Но есть важное отличие во всей этой истории. Меня никогда и никто не цензурировал. А фильмы моего отца, хотя он и был прекрасным кинорежиссером, резали, их запрещали, а один даже был под запретом 15 лет. В России сейчас нет тотальной цензуры, которая была в СССР. Если бы ее не было в СССР — не было бы и этого фильма, который я считаю очень своевременным. У нас в стране сегодня есть у власти люди, которые пытаются навязать людям искусства свои взгляды на мир. Они считают, что искусство должно быть только прекрасным, позитивным и веселым. И к сожалению, с каждым годом количество таких людей растет. Поэтому я рассматриваю наш фильм как напоминание, предупреждение о том, что может случиться, если власть вторгается в сферу искусства. Он о том, что нельзя губить судьбы, нельзя запрещать художнику быть художником. Ни Бродский, ни Довлатов не были диссидентами — но их судьбу на родине перечеркнули, и она сложилась только в эмиграции: и личная, и творческая судьба. Я помню, как мой отец, сняв фильм, прятал фильмокопию под кровать, чтобы ее не уничтожили навсегда.
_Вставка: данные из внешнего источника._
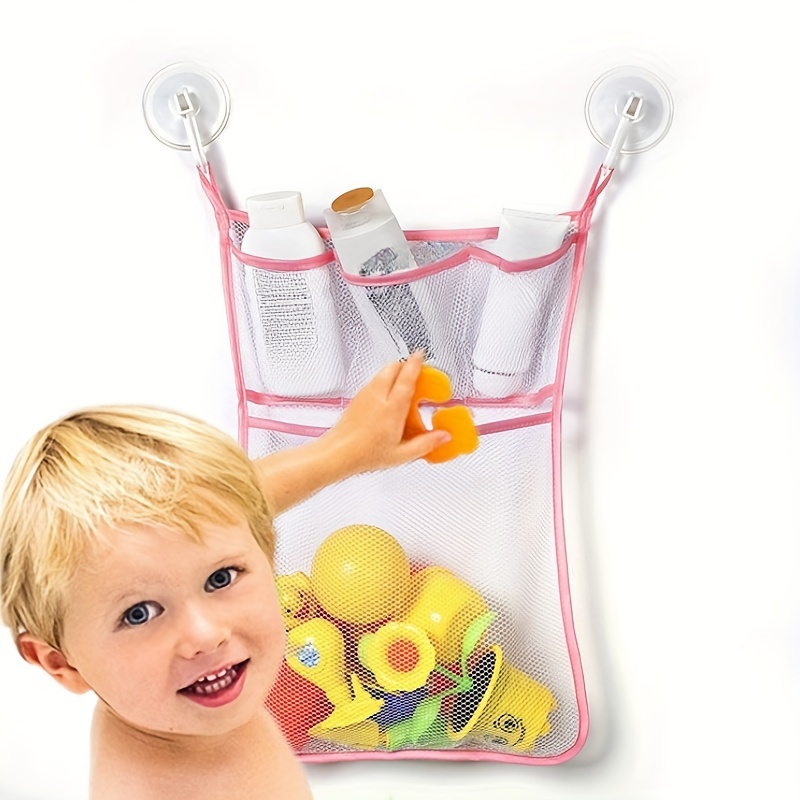 Support De Rangement Pour Jouets De Bain 1 Pièce, Support De Jouets De Bain  Suspendu Avec 2 Ventouses, Support De Douche En Maille, Adapté À La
Помню, как великий актер Ролан Быков плакал из-за того, что его не утвердили на роль, потому что он выглядел якобы не так, как должен выглядеть советский человек. Я помню, как многим людям не давали занимать пост только потому, что они евреи, и это приходилось скрывать. Художникам запрещали выставляться, режиссерам — снимать, писателей не публиковали. Многие спивались, погибали от инфарктов…

Я вам так скажу: во всей истории нашей страны найдутся параллели с нынешним временем. Если начинаешь копать в архивах, то натыкаешься на отчаянные письма Бродского, который что-то важное хотел доказать советскому начальству. Начинаешь разбираться с тем, почему не публиковали Довлатова, почему были сложности у Товстоногова, я уже не говорю про историю моего папы с запрещенными фильмами. Ну что плохого в фильме «Мой друг Иван Лапшин»? По-моему, это патриотическая картина. Что плохого в фильме «Проверка на дорогах»? Это печальная особенность нашей страны, результатом которой являются отъезды. Сколько уехало замечательных людей! Сколько их писало за границей! Можно не любить Солженицына и Бродского, можно не любить Довлатова. Можно не любить Бунина. Не любить Барышникова, Сикорского и Эрнста Неизвестного — можно много кого не любить. И Лев Толстой не очень хорошо себя вел по отношению к власти. И что? Всех выгнать? Кто тогда останется?

Так что история, показанная в нашем фильме, конечно, выдуманная во многом, но во многом и правдивая. Я не говорю, что все происходило именно так, но мы все знаем, что именно так оно и происходило.